Work to complete: Reproduce the entries shown below only from the line with "大众 高尔夫 2021款 280TSI DSG Pro" down to the line with "BISSELL SpinWave Mop 2052E, Titanium/Blue", keeping both end lines and copying each one exactly.

Data under study:
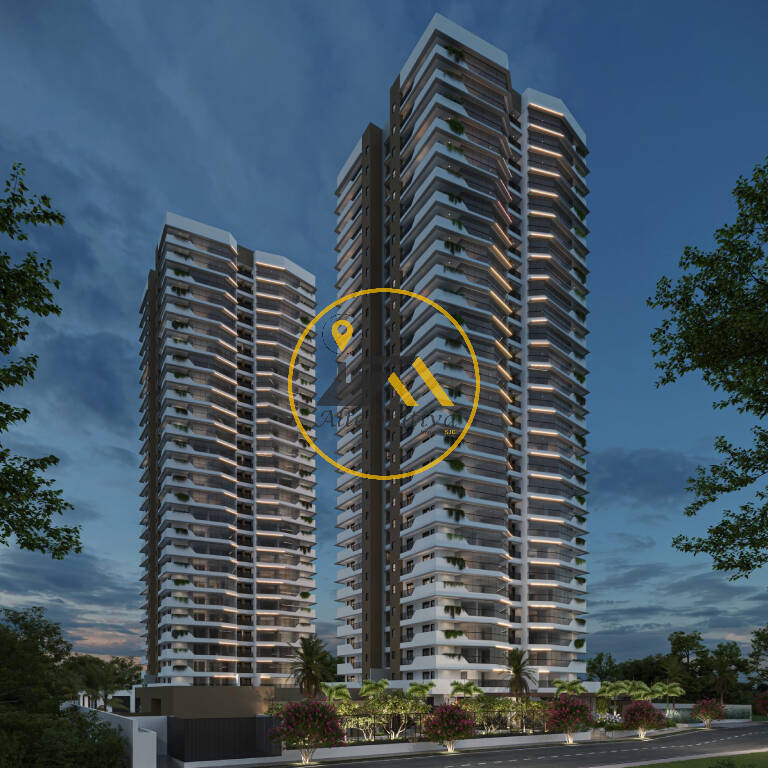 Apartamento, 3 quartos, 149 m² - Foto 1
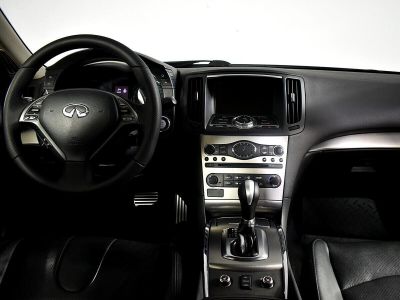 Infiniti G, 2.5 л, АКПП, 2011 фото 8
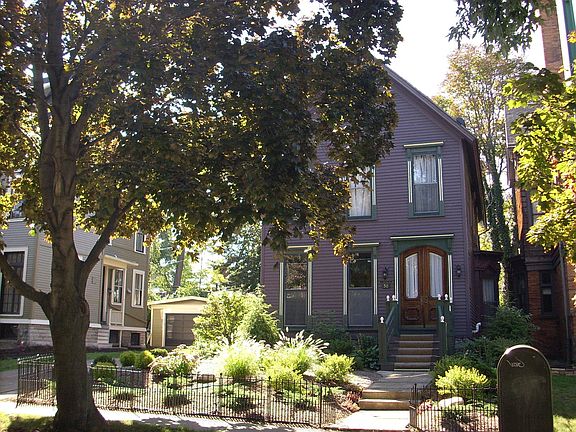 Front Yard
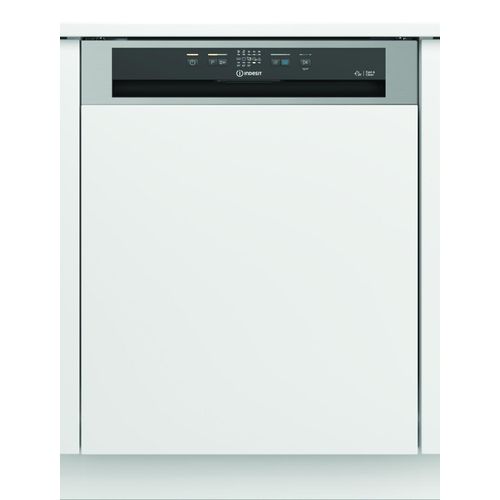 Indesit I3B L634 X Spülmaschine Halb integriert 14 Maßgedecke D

==

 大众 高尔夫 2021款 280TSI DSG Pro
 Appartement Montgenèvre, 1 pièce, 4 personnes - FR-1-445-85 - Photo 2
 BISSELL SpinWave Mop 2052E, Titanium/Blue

Expected answer:
 大众 高尔夫 2021款 280TSI DSG Pro
 Appartement Montgenèvre, 1 pièce, 4 personnes - FR-1-445-85 - Photo 2
 BISSELL SpinWave Mop 2052E, Titanium/Blue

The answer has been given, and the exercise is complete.